### Exercise input ###
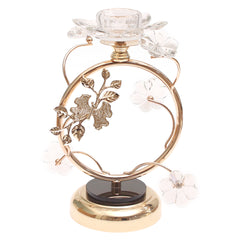 Decorative Gold Crystal Dinner Candle Holder | Luxury Table Décor Pakistan | Elegant Candle Stand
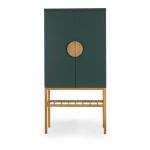 Dulap cu picioare din lemn de stejar Tento Scoop, înălțime 162 cm, verde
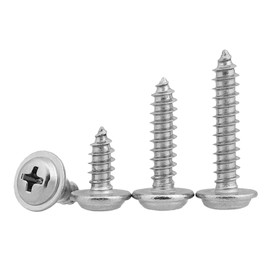 Leliafleury 100Pcs Self Tapping Screws M4 x 30mm x 8mm Stainless Steel Pan Head Wood Screws for Plastic Wood Drywall Furniture
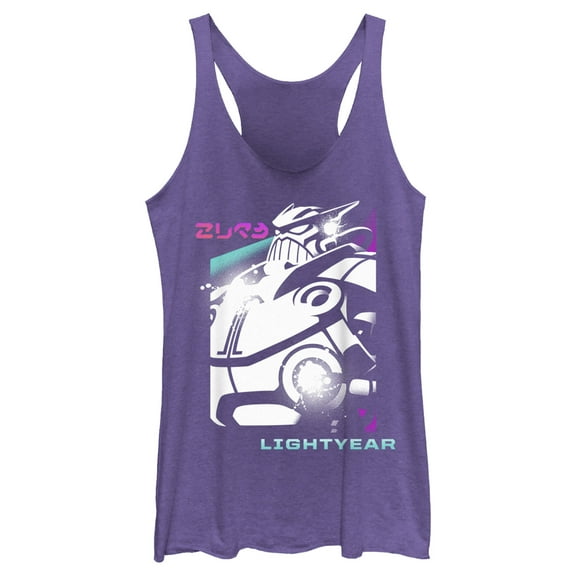 Women's Lightyear Emperor Zurg Paint Splatter Poster Racerback Tank Top Purple Heather Large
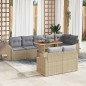 vidaXL Set pranzo giardino 9 pezzi con cuscini beige in rattan sintetico e acacia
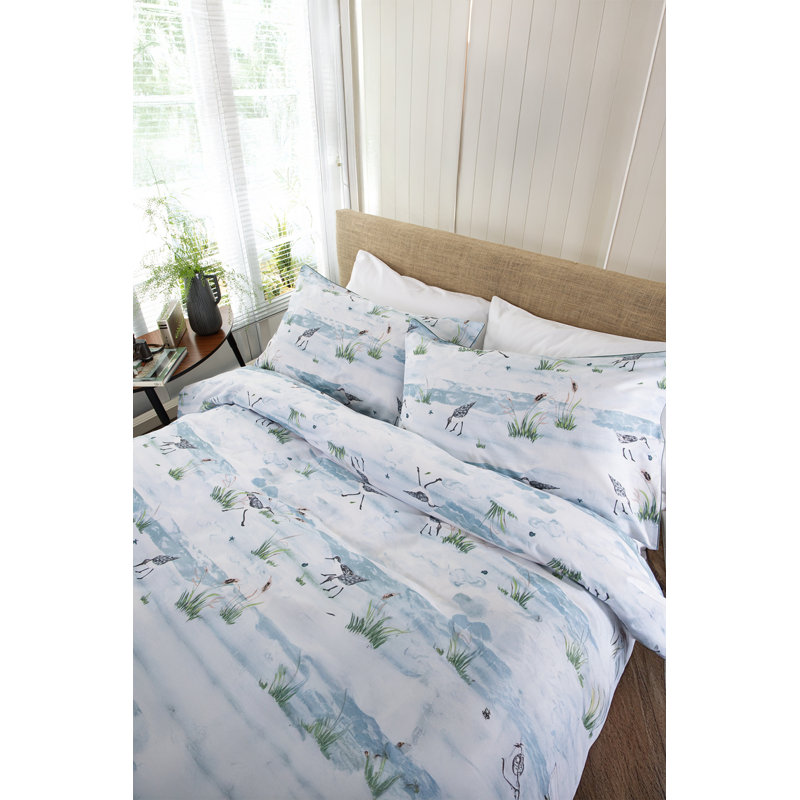 Wader Printed 100% Cotton Duvet Cover Set With Pip Classic Cotton Duvet Cover Set Set, Super King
###
## Action item
Set down all records verbatim, omitting images.

## Response
 Decorative Gold Crystal Dinner Candle Holder | Luxury Table Décor Pakistan | Elegant Candle Stand
 Dulap cu picioare din lemn de stejar Tento Scoop, înălțime 162 cm, verde
 Leliafleury 100Pcs Self Tapping Screws M4 x 30mm x 8mm Stainless Steel Pan Head Wood Screws for Plastic Wood Drywall Furniture
 Women's Lightyear Emperor Zurg Paint Splatter Poster Racerback Tank Top Purple Heather Large
 vidaXL Set pranzo giardino 9 pezzi con cuscini beige in rattan sintetico e acacia
 Wader Printed 100% Cotton Duvet Cover Set With Pip Classic Cotton Duvet Cover Set Set, Super King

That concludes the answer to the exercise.